The number of blocks of size at least $k$ corresponding to $\lambda$ in the Jordan canonical form is equal to nullity of $(A-\lambda I)^k$ minus the nullity of $(A-\lambda I)^{k-1}$.
The number of companion blocks in the rational canonical form corresponding to powers $p(t)^m$ with $m\geq k$ (where $p(t)$ is an irreducible factor of the minimal polynomial) is likewise equal to the nullity of $p(A)^m$ minus the nullity of $p(A)^{m-1}$.

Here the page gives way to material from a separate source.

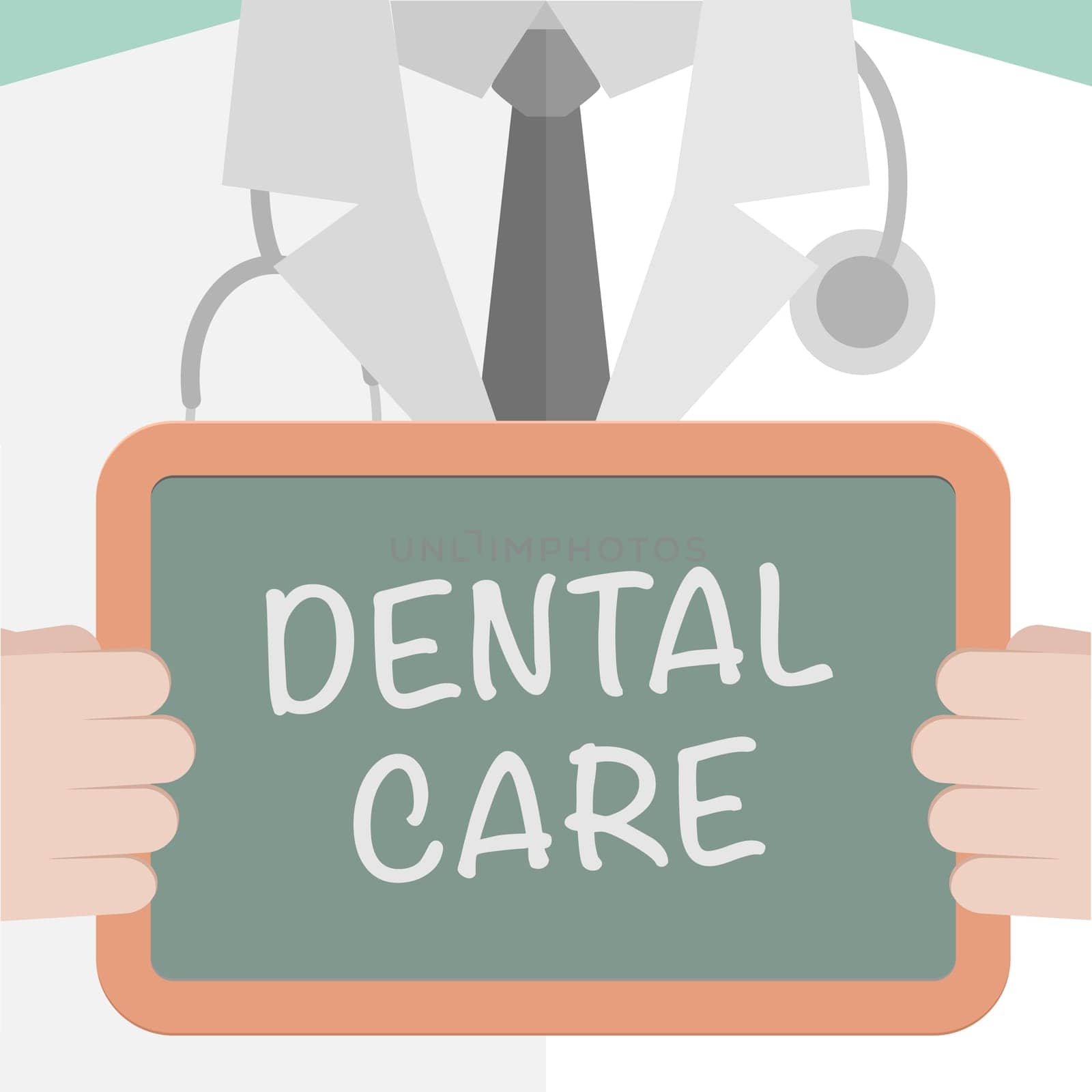 minimalistic illustration of a doctor holding a blackboard with dental care text, eps10 vector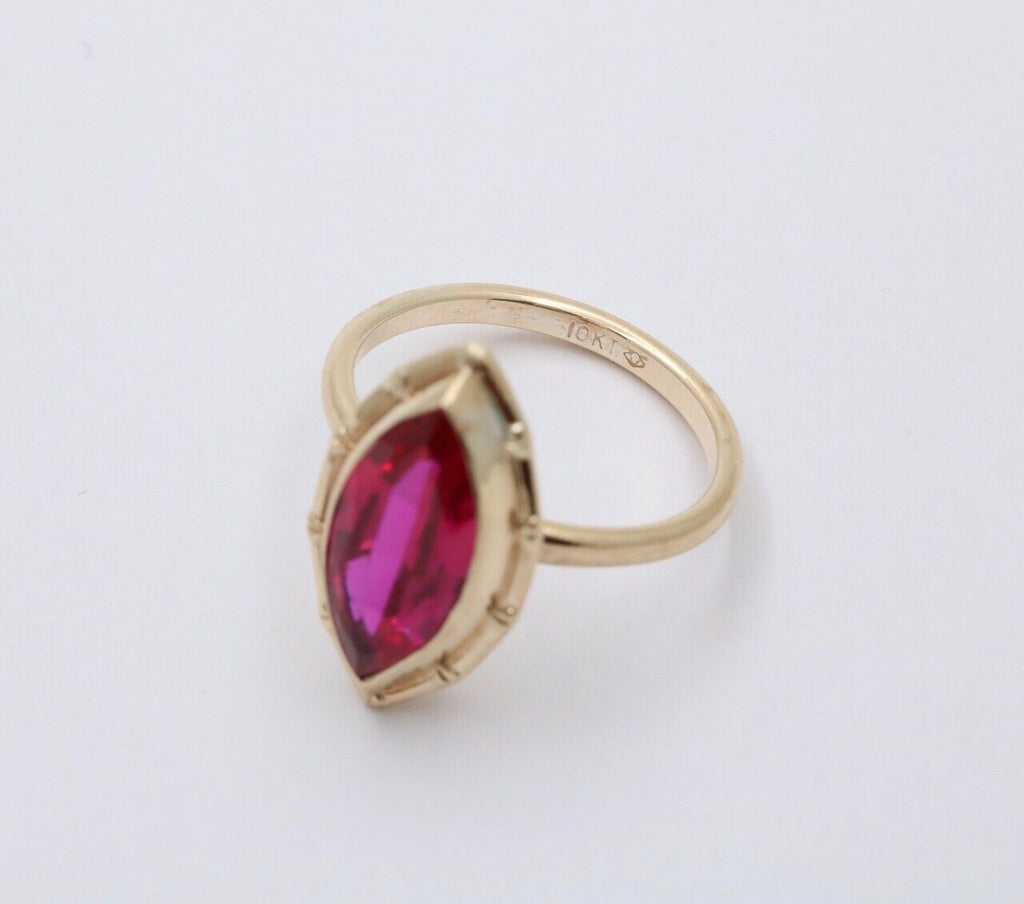 Vintage Art Deco Style 10K Yellow Gold Navette Ring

If the minimal polynomial of $A$ splits, then the irreducible factors of the minimal polynomial are all of the form $(x-\lambda)$, so the number of companion blocks correspond to powers $(x-\lambda)^m$ with $m\geq k$ is exactly equal to the number of Jordan blocks in the Jordan canonical form of size at least $k$ and corresponding to $\lambda$.
In particular, the companion matrix of $(x-1)^n$ is already in Rational Canonical form, and has a single block corresponding to the power $(x-1)^n$; its Jordan canonical form will therefore have exactly one block, corresponding to $\lambda=1$, and of size $n\times n$. Since any matrix is similar to its Jordan canonical form, it follows that the $n\times n$ Jordan block matrix with $1$s in the diagonal is similar to the companion matrix of $(x-1)^n$.
Added.
To see why the Pascal matrix realizes the similarity, let $A$ be the $n\times n$ matrix with $1$s in the diagonal and $1$s directly above (i.e., a single $n\times n$ Jordan block associated to $1$). Then the standard ordered basis $[\mathbf{e}_1,\ldots,\mathbf{e}_n]$ is a Jordan canonical basis for $A$, and we have $A\mathbf{e}_1=\mathbf{e}_1$, $A\mathbf{e}_k = \mathbf{e}_{k-1}+\mathbf{e}_k$, $k=2,\ldots, n$.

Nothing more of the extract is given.